Shares of Smucker (NYSE:SJM) climbed 7.6% after the company reported fourth quarter results that beat analyst expectations. Last year's acquisition of Big Heart Pet Brands was mainly responsible for the 25% y/y sales increase, but strong demand for Dunkin' Donuts (NASDAQ:DNKN)-branded coffee pods helped fuel organic growth. Excluding acquisitions and FX, net sales increased 5%. At the same time, management's cost cutting initiatives appear to be paying off as gross and operating margins both increased 590 bps. With economic growth in the US slowing and the possibility of a cyclical downturn looming, investors may be considering a position in the defensive and stable Smucker. But shares are trading at 52-week highs and we don't recommend investing unless the stock falls closer to $100, which would imply a forward P/E of 15 based on consensus EPS estimates.
Figure 1 shows SJM's segment revenues and operating margins as of Q3 2016. Following the acquisition of Big Heart Pet Brands, the firm's US operations are more-or-less evenly split between coffee, consumer foods, and pet foods. Management purchased Big Heart to get exposure to the faster-growing pet foods business, and believes Big Heart's portfolio of leading brands such as Milk-Bone and Meow Mix will give SJM the same kind of advantage that it enjoys in its core, more profitable, consumer and coffee segments. SJM's portfolio of widely-recognized brands gives the firm pricing power in a wide range of consumer goods with limited product differentiation. The company's Folgers, Dukin' Donuts, Jif, Smucker, Crisco, and now Milk-Bone and Meow Mix all command leading positions in their respective categories. SJM's large scale and relationships with retailers raise barriers to entry. This "economic goodwill" allows the company to earn higher margins and returns on capital than most of its peers.
Figure 1: Segment Revenues and Profitability
The decision to expand into pet foods creates uncertainty. It takes the firm away from its legacy businesses, but many see it as a necessary step for offsetting "category erosion" in some of its consumer products, that are going out-of-trend (Morningstar Analyst Report). Many of the same trends impacting the consumer foods sector are shaping the pet foods industry. The focus on active lifestyles has shifted demand towards more natural and healthy foods (and away from jams and baking products), and pet-owners are increasingly turning to similar products to feed their pets. Pricing power in pet foods may be even greater than in SJM's legacy categories, as customers show a greater willingness to splurge on premium brands, and are less likely to switch to alternative products when they find something their pet likes.
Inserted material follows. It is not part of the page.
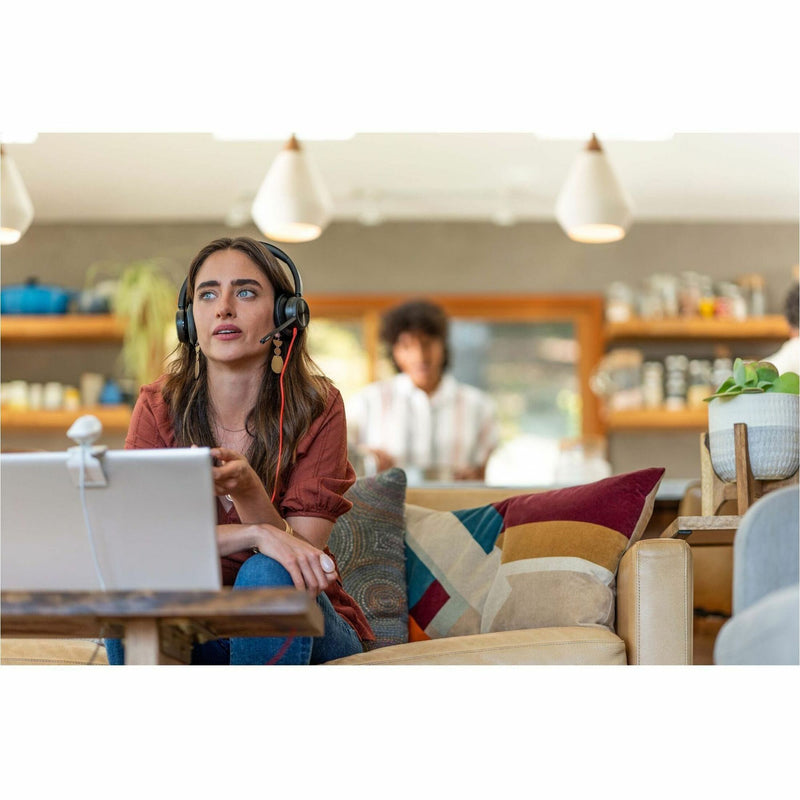 Person using Poly Blackwire headset in a casual workspace setting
IBISWorld projects that an increase in pet ownership and strong demand for premium products will drive average annualized revenue growth of 3.1% over the next five years. But while the long-term demand outlook in pet foods is promising, segment revenues in Q3 were negative y/y. This line is exposed to income fluctuations and SJM will have to lower prices if the US enters a downturn and consumer spending growth stalls. Furthermore, SJM will have to capture considerable cost synergies to justify the premium it paid for Big Heart.
The margin of safety is too narrow to justify an investment in SJM at current levels. While the company has its strengths, the forward P/E of ~ 20 is too expensive for a firm with defensive growth prospects. The US economy is due for a correction, and SJM's premium products will struggle if we enter a downturn. Sales in SJM's consumer foods segment declined 2% in the latest quarter, an indication that the company is having trouble maintaining volumes in some of its legacy brands as customer preferences change. Smucker will need to rely on new products to offset these headwinds, which brings new risks relating to bad investments. The Big Heart acquisition is promising, but SJM will need to capture significant synergies to justify the expensive purchase.
Disclosure: I/we have no positions in any stocks mentioned, and no plans to initiate any positions within the next 72 hours.
I wrote this article myself, and it expresses my own opinions. I am not receiving compensation for it (other than from Seeking Alpha). I have no business relationship with any company whose stock is mentioned in this article.